A convertible note is structured as debt - there is interest earned until it converts and a maturity date. There are also terms about repaying the debt.

A safe is not debt - it does not have a maturity date and interest does not accrue.

So referring to a "Safe Note" is non-sensical because there is no such thing.



> The safe is just a convertible note with the "event of default," interest, and maturity date provisions stripped out.

> - Carolynn Levy (inventor of the SAFE)

edit ... You could argue it's no longer a convertible note with those provisions taken out, but I'm not sure how much mileage you'd get with that argument.


It's no longer a "note" when it loses the debt provisions.
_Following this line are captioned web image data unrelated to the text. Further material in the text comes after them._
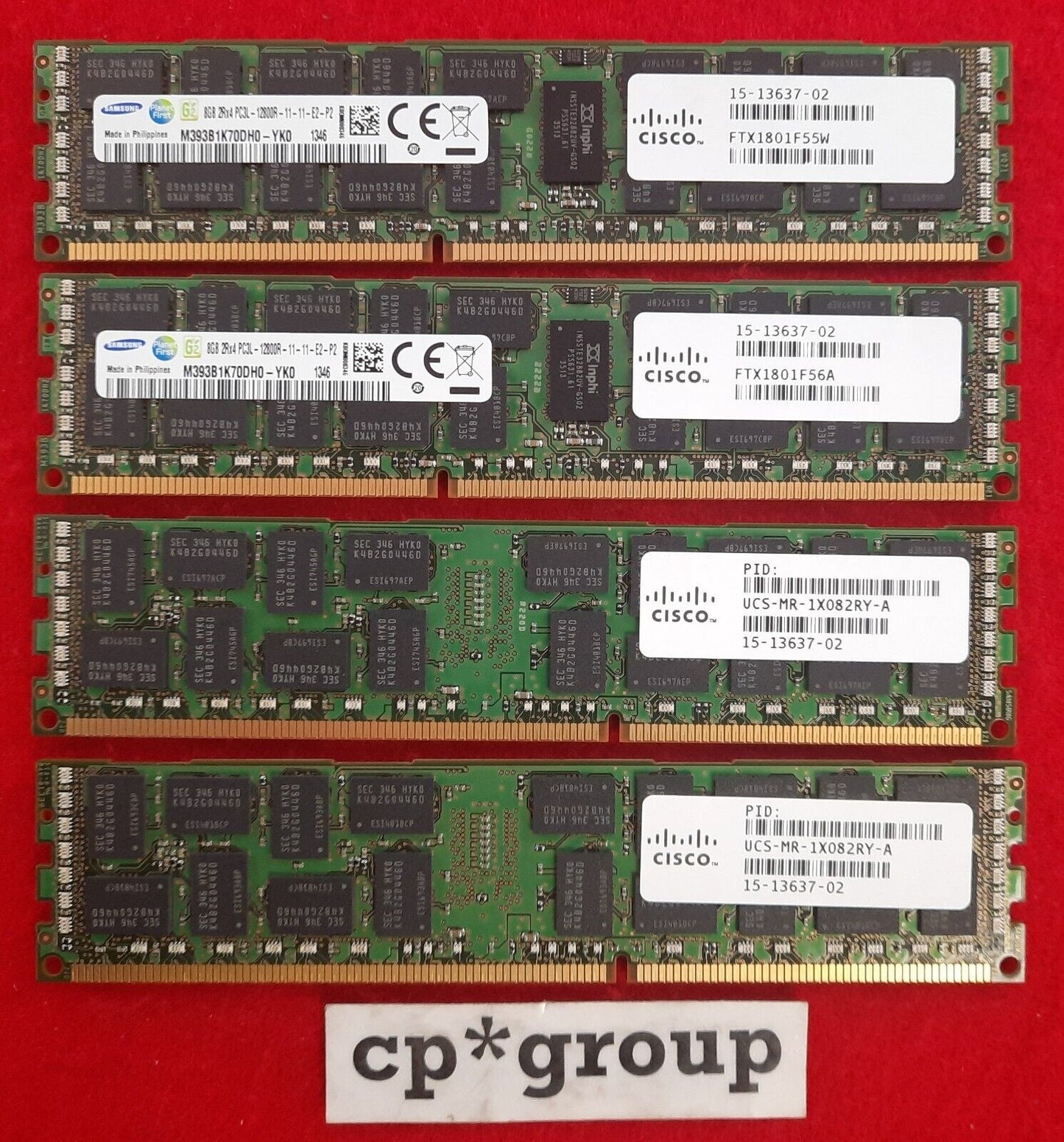 LOT OF 4 Samsung 8GB 2Rx4 PC3L-12800R ECC REG Server RAM M393B1K70DH0-YK0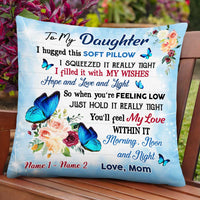 Personalized Butterfly Daughter Hug This Pillow JR123 95O47 thumb 1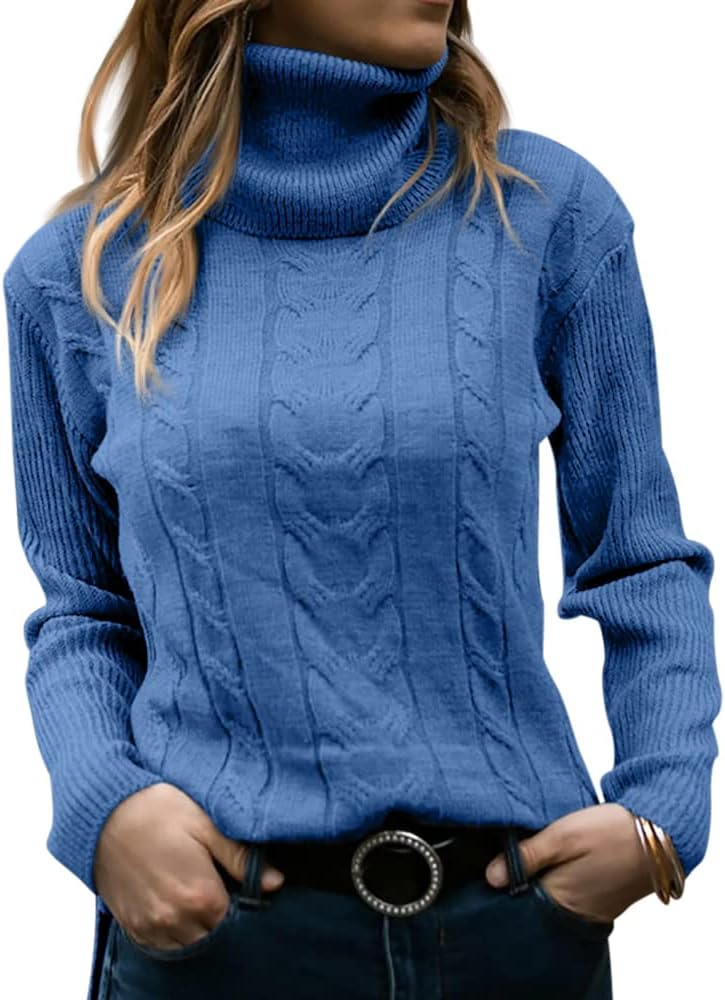 Elegant Knitted Women's Turtleneck Sweater - Denise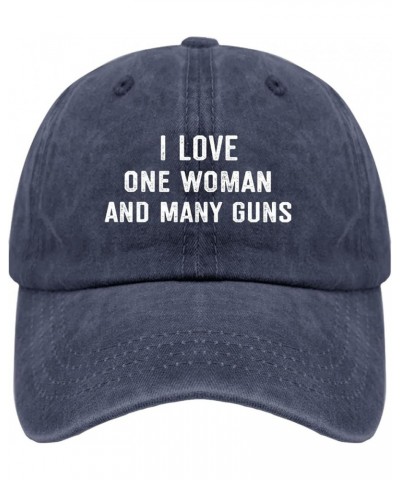 I Love One Woman and Many Guns Baseball Cap Cute Hat Pigment Black Running Hat Gifts for Her Baseball Hat Navy Blue $11.92 Su...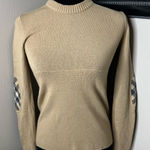 Burberry  Camel extra fine Merino wool knit elbow patch sweater XS Crew neck Photo 0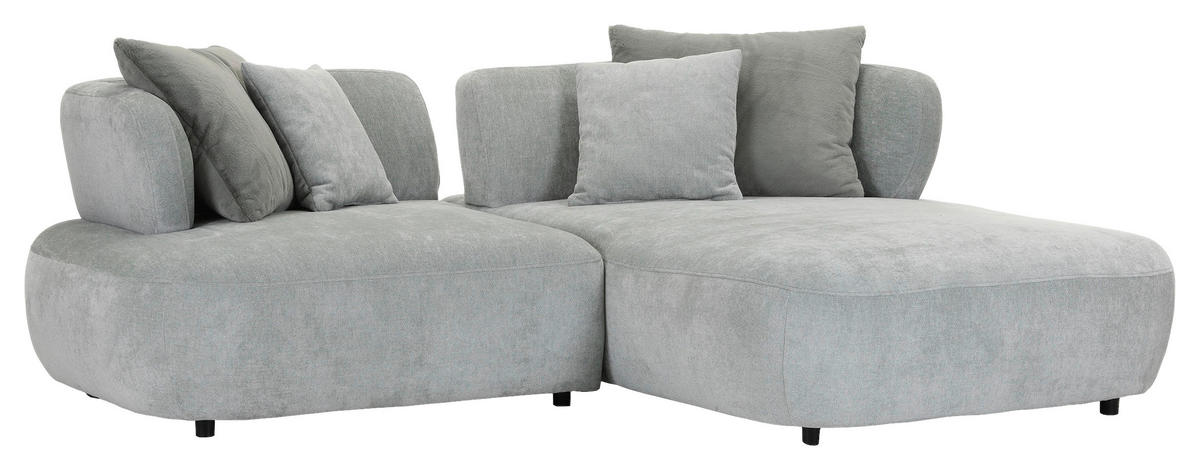 ECKSOFA Mintgrün Flachgewebe Zierkissen, Rückenkissen, Rücken echt, Sitztiefenverstellung  - Salbeigrün/Schwarz, MODERN, Kunststoff/Textil (240/190cm) - Ambia Home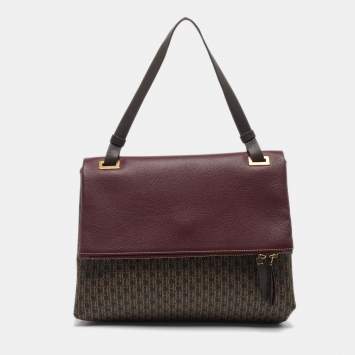 Pre Owned Carolina Herrera Flap Burgundy/Brown Monogram Coated Canvas Leather Top Handle Bag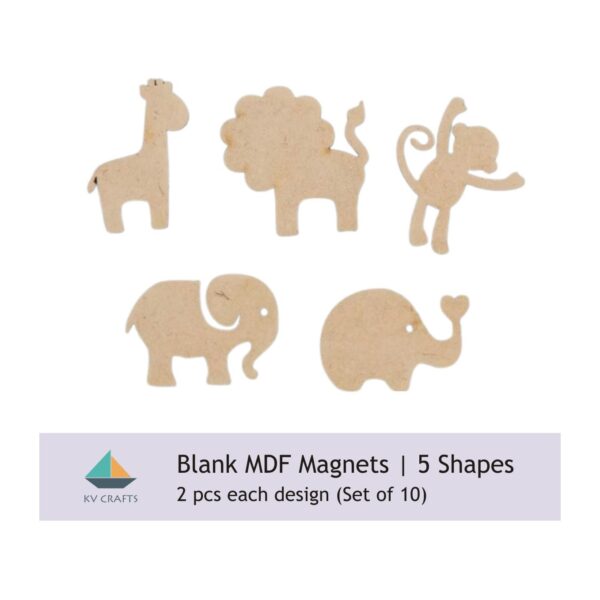Animal Shapes Blank Fridge Magnets - Set of 10 Pcs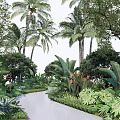 Lush Tropical Garden Path With Banana Leaves Palm Trees And Orange Flowers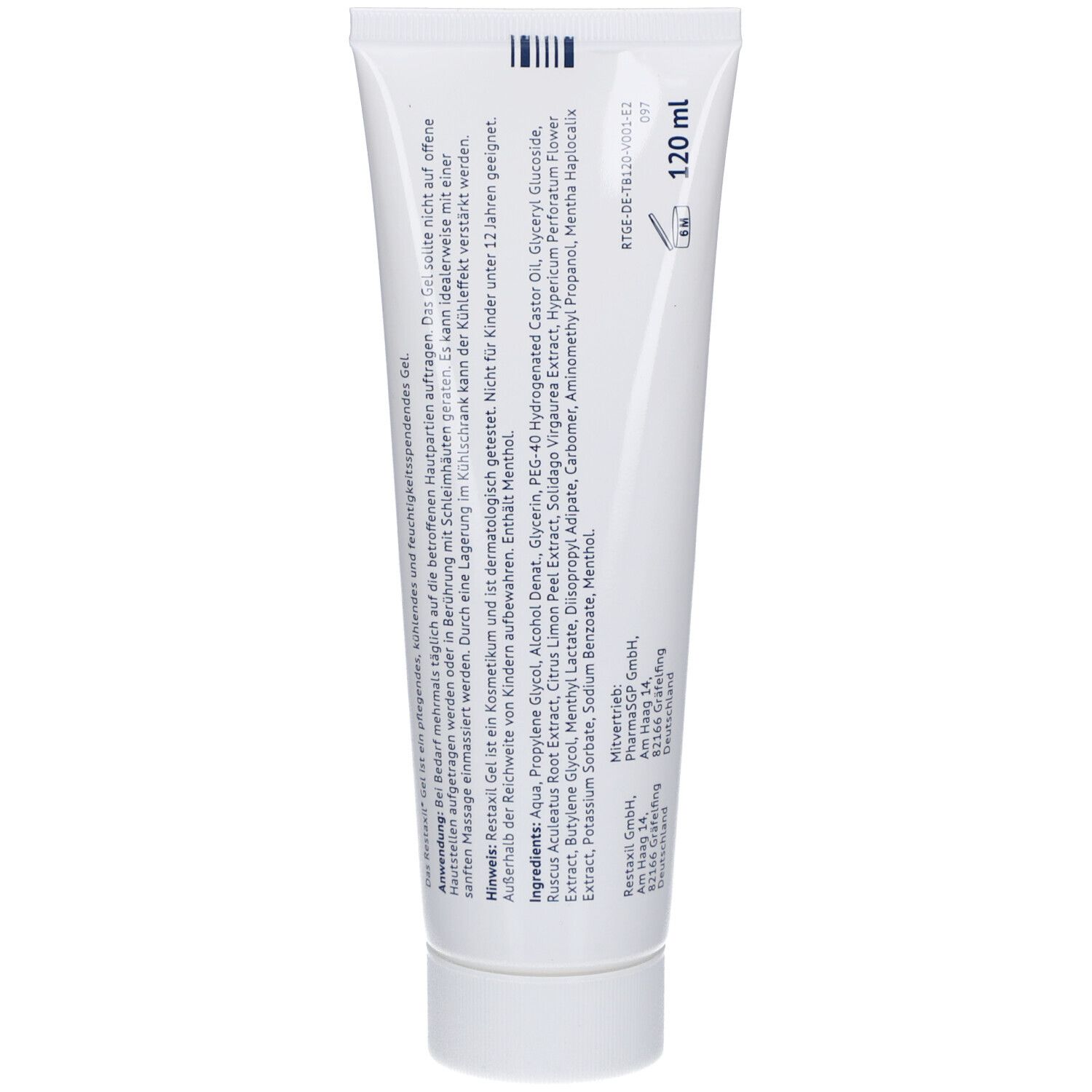 Rückseite der Tube Restaxil Gel. Enthält Inhaltsstoffe und Informationen. 120 ml.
> It's no longer a "note" when it loses the debt provisions.

You may be right, but what makes you think that?

The common law and some statutory definitions require only that promissory note be, upon breach, reducible to what are called "liquid damages" i.e. "a sum certain in money". This does not mean monetary debt or future payment of money with or without interest. It just means reducible to a certain amount.

The purpose of having a promise with "a sum certain in money" is on the enforcement end. The monetary compensation upon breach (damages) of a promissory note can be unambiguously calculated by a registrar (as opposed to assessment open to interpretation by a judge). This expedites processes such as obtaining summary or default judgment.

However, the promise needn't be in money itself, as long as there is an unambiguous objective calculation of the amount of damages.

I'm not sure how it would be calculable in the case of a note without debt or interest; I'd need to read the note language. If there was nothing specific, one could argue it is portion of the pre-money to the the valuation cap, but that'd be a very loose guess.